Monday, June 8, 2009

Expensive meat and a Modigliani.

Hello Jeanne Hebuterne, pleasure to meet you.

Barefoot at a drafting table. Grandma's gifted denim shirt draped loosely, sans bra, sans everything except this shirt that has so easily become a front runner in my weekend wardrobe. Thank you Helen for this shirt. I woke to the sounds of my Thom making espresso and ironing a shirt before work, hustle bustling before the clock struck eight thirty. With a surprisingly clear head and a happy heart, I lay and listened to him, feeling like the luckiest lady in all the land. Rain fell, and is still falling and all I keep returning to in thought is how beautiful Stef looked last night on her most precious day of her life. My dear friend and coworker a la Pear (amix), got hitched last night to the lovely Emery. They will have a good (looking) life and good (looking) long-haired babies. They were kind enough to request my humble hand a la candid photography and I obliged with thanksgiving. Sadly my camera decided to malfunction the day before the wedding but all was saved by my friend Tristan who supplied one of his cameras at the last minute. Thankfully our cameras are very nearly twins, so hopefully not all was lost in the switch. I will find out tomorrow, I suppose.
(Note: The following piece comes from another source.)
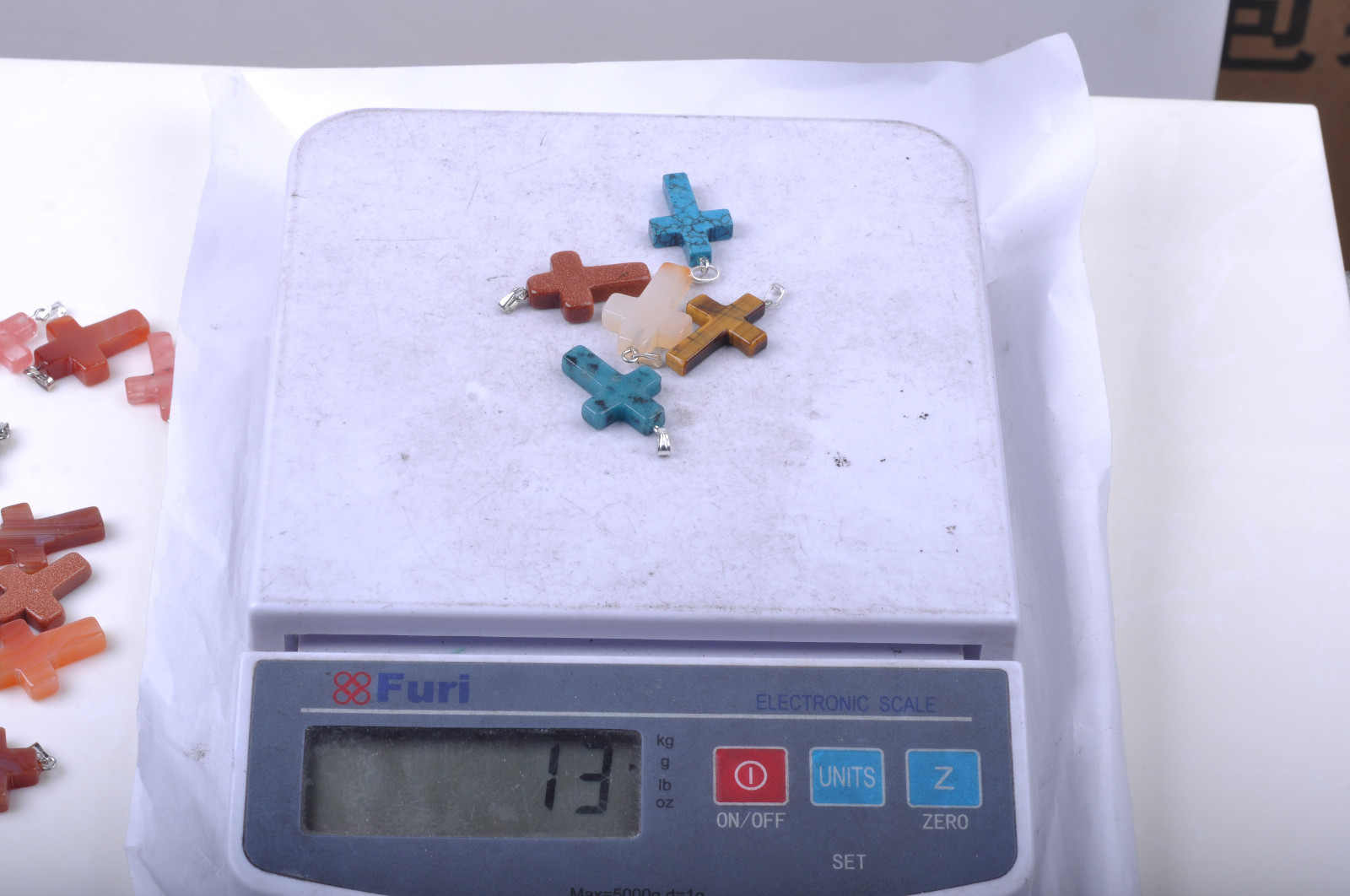 10pcs mass mixed natural stone cross necklaces pendants jewelry party gifts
Anyway, the wedding. It was a Sunday wedding made up of babes, youth, good taste, warmth, laughter, good food, style, creativity and good music. What more could a bride ask for? She looked stunning in lace and her attendants looked stunning in their bright coral, baby blue and magenta frocks with tulle galore. I was lucky enough to be whisked away with the babe wedding party straight away following the ceremony to an undisclosed location via the vintage limousine. We pulled up in front of a brick mansion with an impressive red front door filled to the brim with chandeliers, Persian rugs, an original Modigliani, a full suit of armor and an Egyptian mummy. There was even a bust of Queen Nefertiti which looked pretty damn similar to the one at the Egyptian museum in Berlin. Yes, a mummy. I found a bowler hat, a top hat, an ancient telephone from the land before time, an upright grand piano in pristine condition begging to be played, porcelain galore, statues and busts on every surface, mantels laden with weird instruments, two cellos, more chandeliers, orchids, one Monet (!), and a slew of other oil paintings that were beyond my comprehension. Every inch of wall space was covered. I had never seen the like. Ever.

All of this belonging to a tiny Eastern European jeweler with a similar stature to that of my eight year old cousin Alex (except much fatter and hairier), whose name was John. John the jeweler, proud owner of four Rolls Royce, one vintage Jaguar and married to a now-dead Hungarian ballerina named Olana. "She was a real beauty. Damn shame her heart stopped beating one night in winter". Damn shame. Beautiful. I walked through that home with my mouth agape, a thousand unwritten stories racing through my head as the smell of a Sunday pot roast wafted through the rooms and hung in the air with a welcomed heaviness.

The smell of expensive meat, dust and orchids.

The sun room was the most impressive. A room smaller than the rest leaning against the brick work of the back of the mansion like a child hanging on a woman's hip. The sun room, about 8'x8' square was filled to the brim with every kind of plant known to man, windows for walls, and two sets of skinny French doors (my favorite type of door) leading into the kitchen and great room, also made of delicate glass. Skimming just above my top bun (about 5'11" above the hardwood) hung thirty odd chandeliers in all their bejewelled, bedazzled glory. Hanging crystals in the high hundreds. The light was unbelievable. Only five out of the thirty were connected to an electrical source. Seeing that room for the first time was pure insanity. My breath caught, arm hair stood to attention, eyes swallowing imagery as fast as the Rolodex of my mind could process. After I ran out of film (aggggggggh!!!!) and my other camera stopped working, the wedding party did their thing with the digital photographer and I wandered around until I found John in the kitchen. He sat comfortably in one of his many Eero Saarinen tulip chairs surrounded by knickknacks from around the globe. He stirred his tea and I drilled him about his house. Seventeen bathrooms, eleven bedrooms, thirty two fireplaces, one hundred and seven chandeliers, four garages, one bazillion bricks, three floors and five living rooms, all built in 1901. I will never forget it, as long as I live. To Stef and Emery, thank you is not enough.

The painting featured at the top of this post was the Modigliani piece I spotted on the west wall of John's great room, just below eye level in an ornate golden frame which coincidentally, happens to be one of my favorite paintings of all time: Portrait of Jeanne Hebuterne.

I want to go back.
I want to go back.
I want to go back.

To say the very least, their wedding pictures will not be your run of the mill Jumping-in-the-Exchange District bologna (no offense to anyone who is into that jazz). For whatever it is worth, my sincerest congratulations go out to the couple with the best taste in town. Bologna is for the unimaginative; pot roasts are the new black.

Wishing I was a Hungarian ballerina, yours truly, Meg.